§ What is required: Wherever the line with "Silber Gebraucht 2024" sits in the listing below, transcribe from it up to and including the line with "Erzurum Valisi Mustafa", exactly, and leave the remaining lines out.

§ Record set:
++++++++
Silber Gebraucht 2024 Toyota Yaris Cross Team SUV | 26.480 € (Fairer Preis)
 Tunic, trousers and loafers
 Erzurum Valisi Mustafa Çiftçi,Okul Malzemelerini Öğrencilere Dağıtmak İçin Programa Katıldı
++++++++
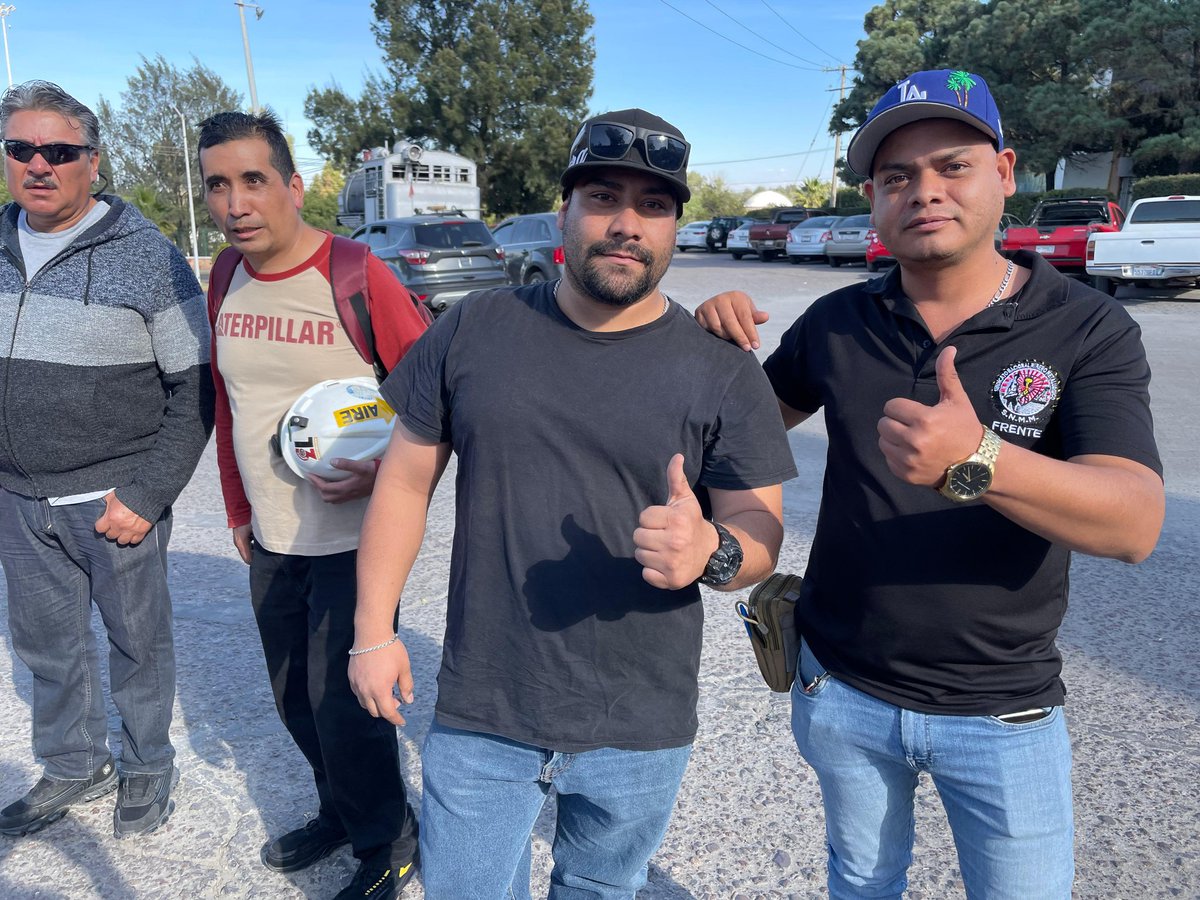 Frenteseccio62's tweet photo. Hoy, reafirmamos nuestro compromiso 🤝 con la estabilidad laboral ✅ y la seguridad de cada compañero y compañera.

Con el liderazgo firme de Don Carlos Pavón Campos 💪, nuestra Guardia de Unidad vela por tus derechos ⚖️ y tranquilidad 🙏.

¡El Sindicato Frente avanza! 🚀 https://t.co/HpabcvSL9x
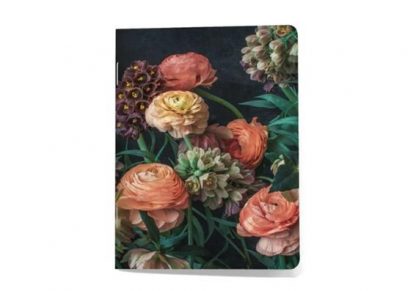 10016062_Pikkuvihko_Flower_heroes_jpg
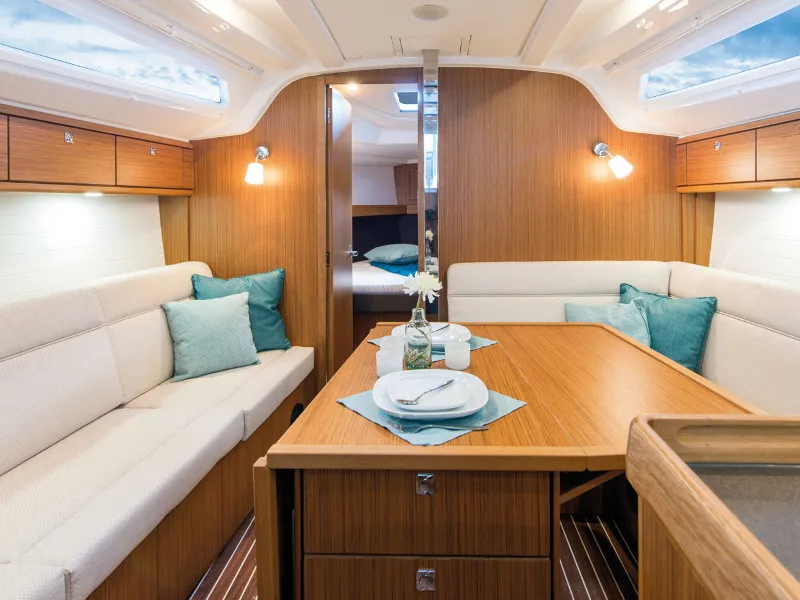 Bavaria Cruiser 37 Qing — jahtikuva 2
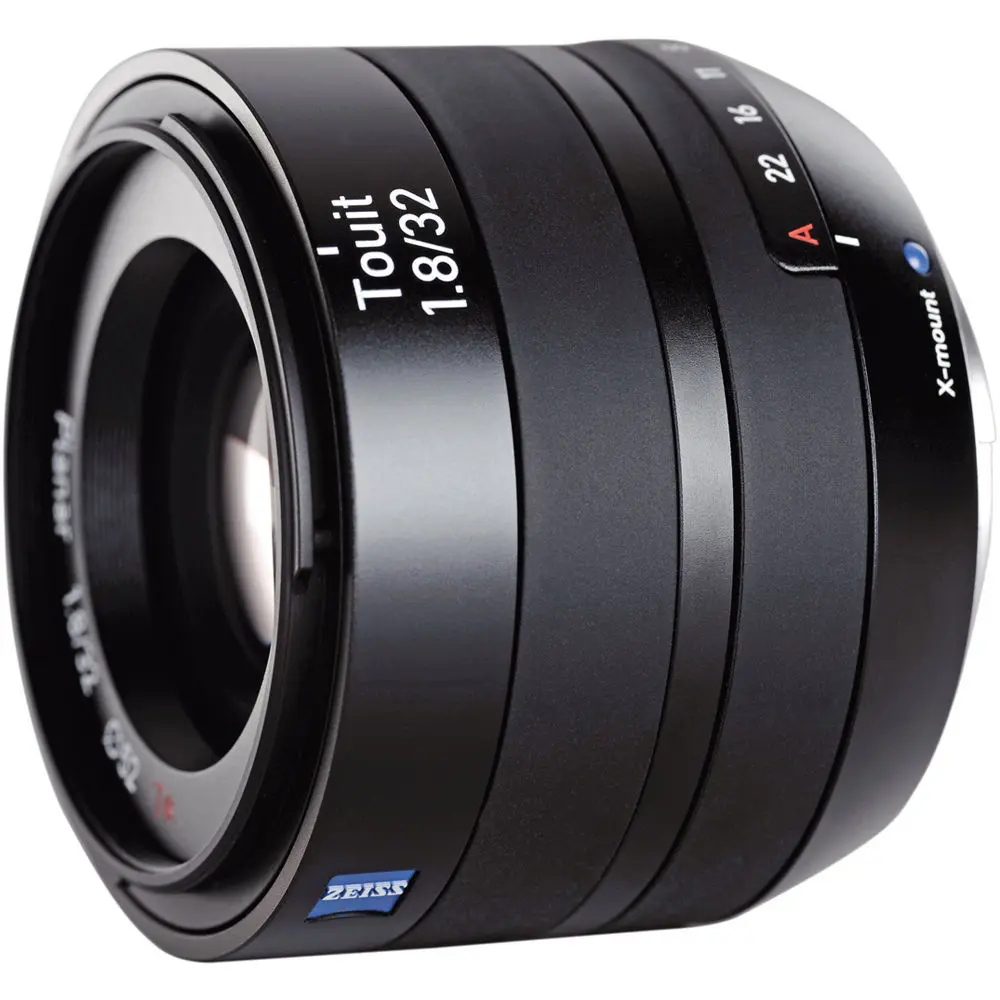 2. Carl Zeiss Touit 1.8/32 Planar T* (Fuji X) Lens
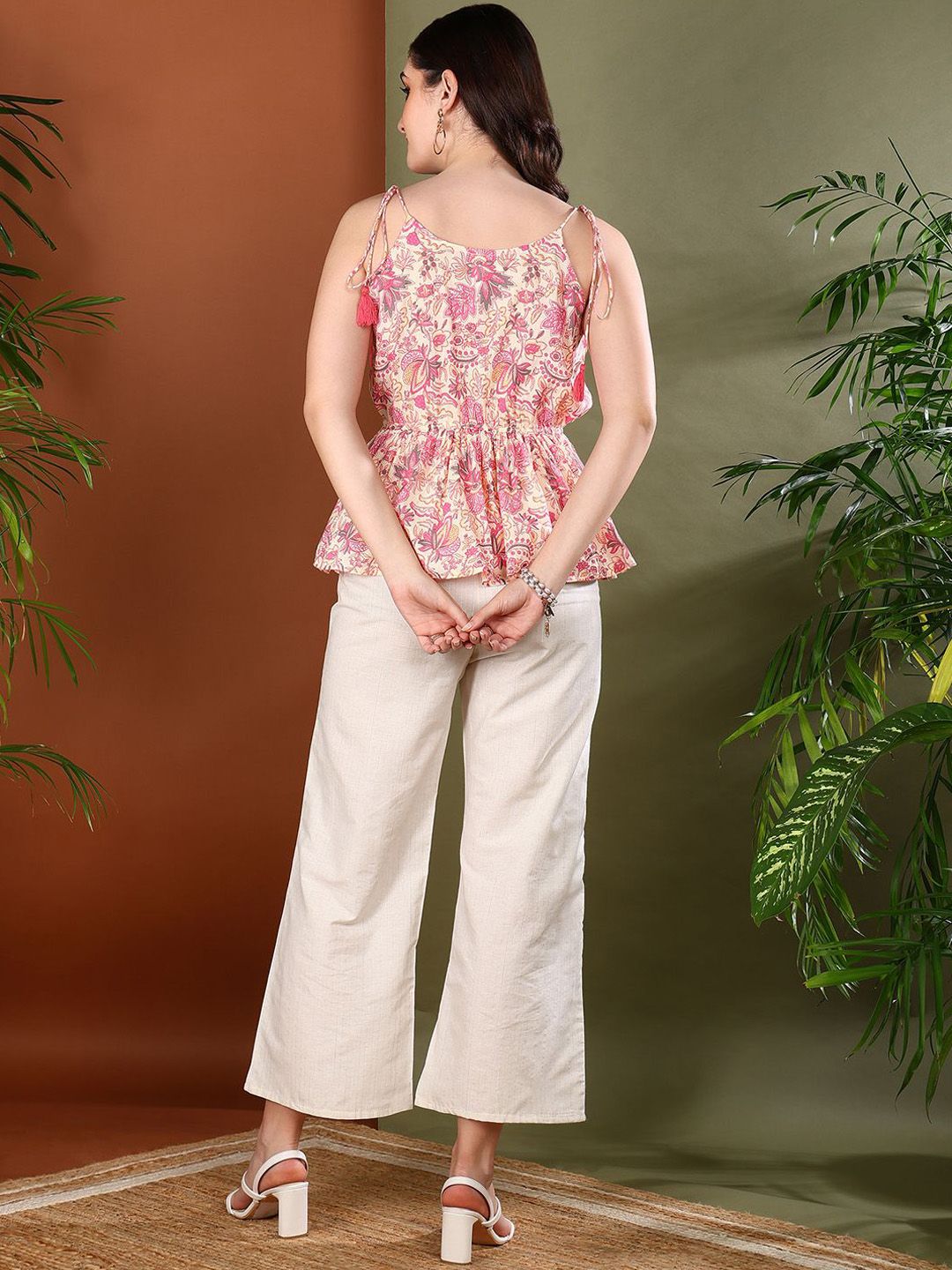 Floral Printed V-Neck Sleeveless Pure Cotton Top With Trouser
++++++++
§ Answer space:
Silber Gebraucht 2024 Toyota Yaris Cross Team SUV | 26.480 € (Fairer Preis)
 Tunic, trousers and loafers
 Erzurum Valisi Mustafa Çiftçi,Okul Malzemelerini Öğrencilere Dağıtmak İçin Programa Katıldı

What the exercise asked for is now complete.